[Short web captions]
++++++++
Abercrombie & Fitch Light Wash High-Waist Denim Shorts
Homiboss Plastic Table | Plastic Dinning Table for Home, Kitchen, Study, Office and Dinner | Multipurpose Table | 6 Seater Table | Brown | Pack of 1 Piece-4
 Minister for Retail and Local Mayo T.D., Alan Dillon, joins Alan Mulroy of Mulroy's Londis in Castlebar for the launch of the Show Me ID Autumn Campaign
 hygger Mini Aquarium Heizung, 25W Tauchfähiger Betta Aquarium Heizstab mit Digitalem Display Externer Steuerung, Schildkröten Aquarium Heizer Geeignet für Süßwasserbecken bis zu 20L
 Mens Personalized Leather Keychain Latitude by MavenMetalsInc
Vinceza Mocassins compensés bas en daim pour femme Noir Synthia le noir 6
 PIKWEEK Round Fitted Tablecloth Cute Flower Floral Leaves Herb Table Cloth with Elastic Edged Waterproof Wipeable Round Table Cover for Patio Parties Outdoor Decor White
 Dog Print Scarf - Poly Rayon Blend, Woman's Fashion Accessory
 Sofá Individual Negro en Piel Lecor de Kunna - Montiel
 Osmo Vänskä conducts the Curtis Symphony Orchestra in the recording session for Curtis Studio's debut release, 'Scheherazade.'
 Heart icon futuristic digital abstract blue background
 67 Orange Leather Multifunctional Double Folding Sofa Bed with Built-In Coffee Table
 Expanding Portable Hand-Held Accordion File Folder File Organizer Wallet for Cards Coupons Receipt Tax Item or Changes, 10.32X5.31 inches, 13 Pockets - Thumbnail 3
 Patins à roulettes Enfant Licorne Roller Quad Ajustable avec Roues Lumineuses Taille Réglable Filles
++++++++
▶ _YOUR GOAL_
In exact wording, restate the lines of the data above from the first through the one holding "67 Orange Leather", and stop after that line.

▶ _SOLUTION TO THIS TASK_
Abercrombie & Fitch Light Wash High-Waist Denim Shorts
Homiboss Plastic Table | Plastic Dinning Table for Home, Kitchen, Study, Office and Dinner | Multipurpose Table | 6 Seater Table | Brown | Pack of 1 Piece-4
 Minister for Retail and Local Mayo T.D., Alan Dillon, joins Alan Mulroy of Mulroy's Londis in Castlebar for the launch of the Show Me ID Autumn Campaign
 hygger Mini Aquarium Heizung, 25W Tauchfähiger Betta Aquarium Heizstab mit Digitalem Display Externer Steuerung, Schildkröten Aquarium Heizer Geeignet für Süßwasserbecken bis zu 20L
 Mens Personalized Leather Keychain Latitude by MavenMetalsInc
Vinceza Mocassins compensés bas en daim pour femme Noir Synthia le noir 6
 PIKWEEK Round Fitted Tablecloth Cute Flower Floral Leaves Herb Table Cloth with Elastic Edged Waterproof Wipeable Round Table Cover for Patio Parties Outdoor Decor White
 Dog Print Scarf - Poly Rayon Blend, Woman's Fashion Accessory
 Sofá Individual Negro en Piel Lecor de Kunna - Montiel
 Osmo Vänskä conducts the Curtis Symphony Orchestra in the recording session for Curtis Studio's debut release, 'Scheherazade.'
 Heart icon futuristic digital abstract blue background
 67 Orange Leather Multifunctional Double Folding Sofa Bed with Built-In Coffee Table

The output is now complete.